→ **YOUR TASK**:
The pictures in the data below are to be omitted; all else must be duplicated exactly.

→ **DATA PROVIDED**:

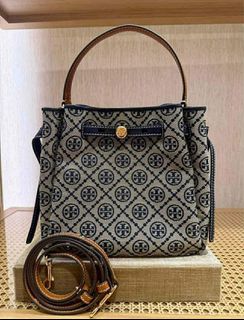 (Category: ) located in . Submitted by maiyasluxurybagshoppe (Listing ID 1429278601, Image 1). Description: .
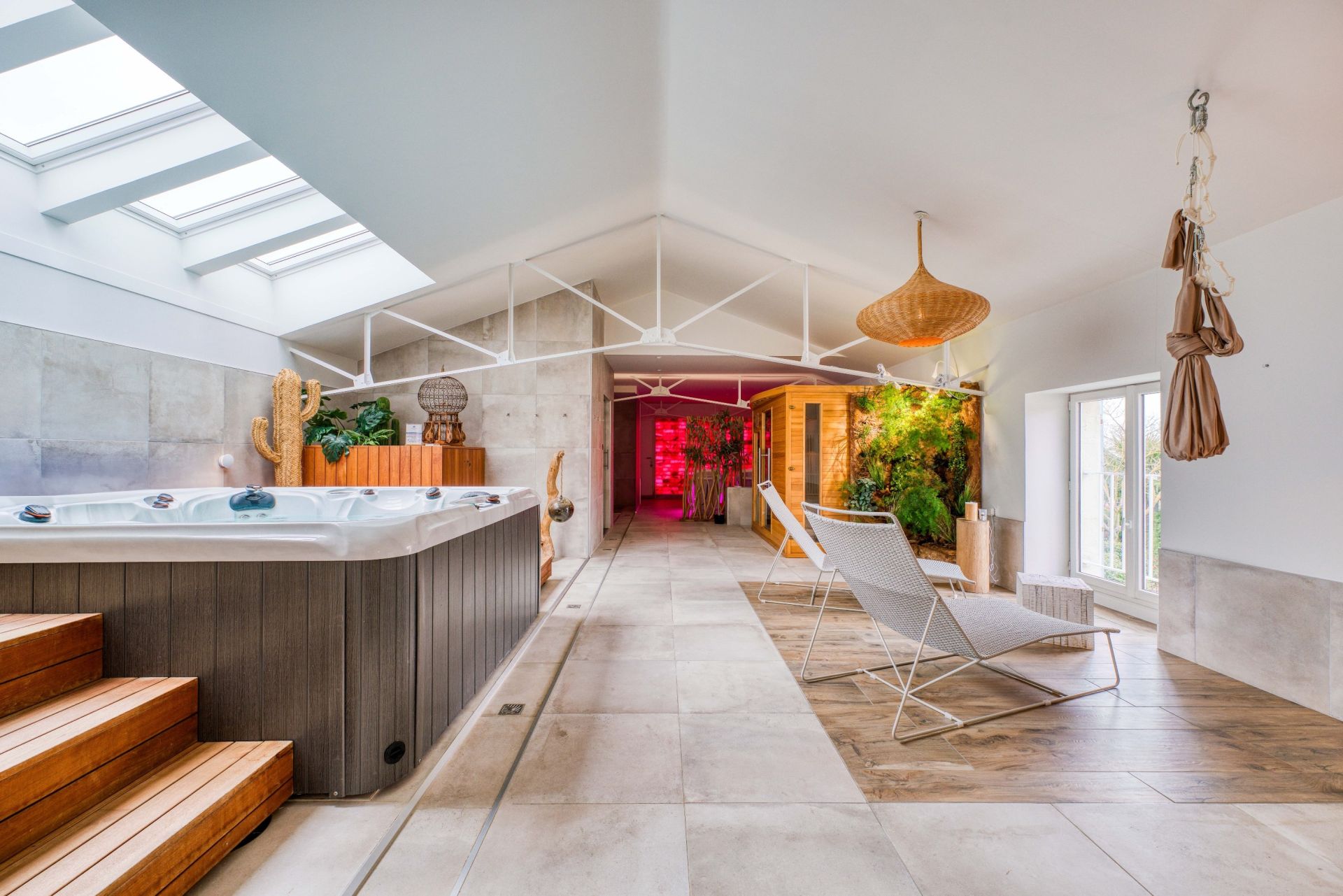 propriété de prestige 17 Pièces en vente sur AIGREFEUILLE D AUNIS (17290)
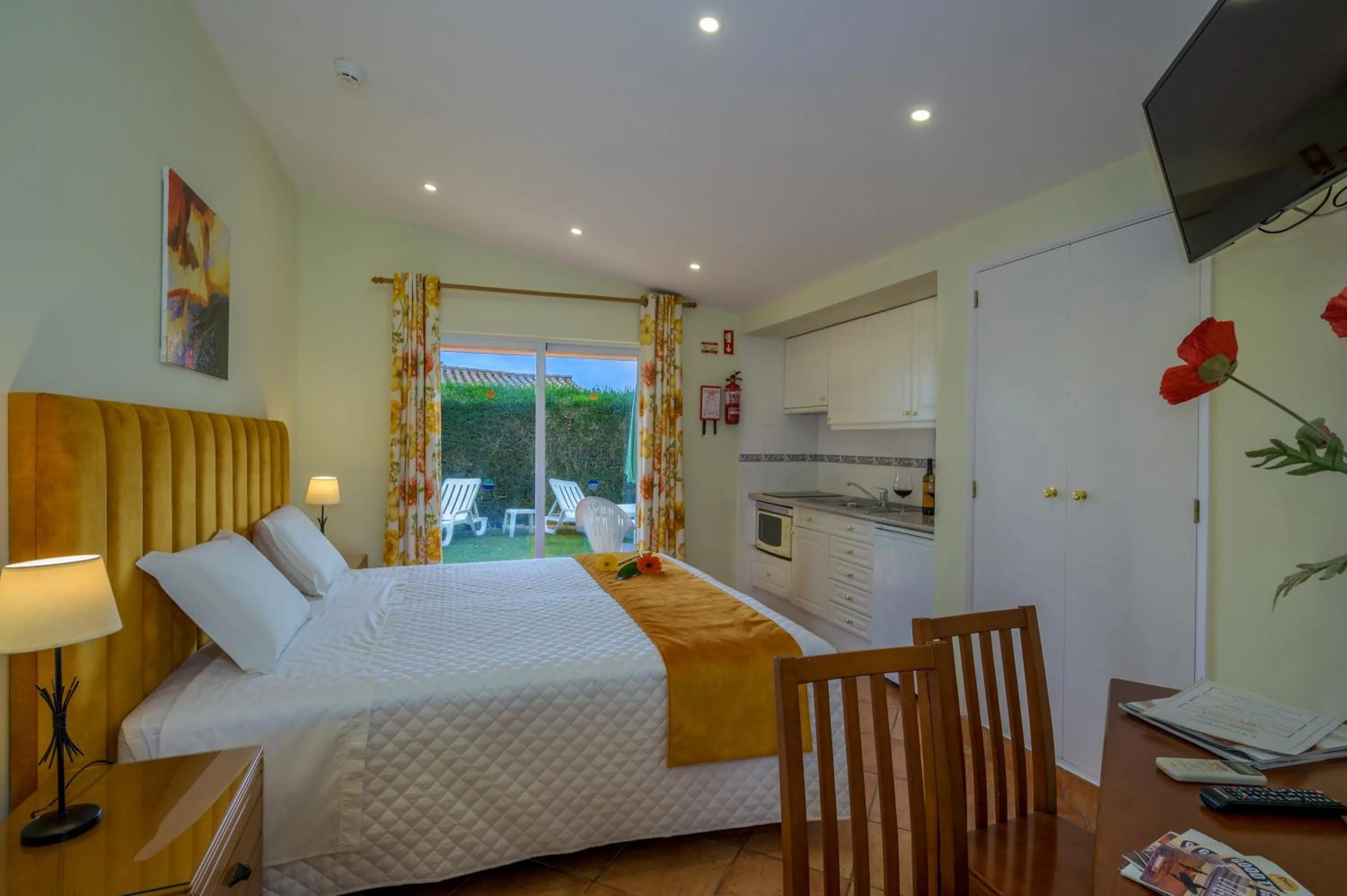 Photo of the whole room, Bed in Canavial I & II Apartamentos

→ **RESPONSE FOR THIS EXERCISE**:
 (Category: ) located in . Submitted by maiyasluxurybagshoppe (Listing ID 1429278601, Image 1). Description: .
 propriété de prestige 17 Pièces en vente sur AIGREFEUILLE D AUNIS (17290)
 Photo of the whole room, Bed in Canavial I & II Apartamentos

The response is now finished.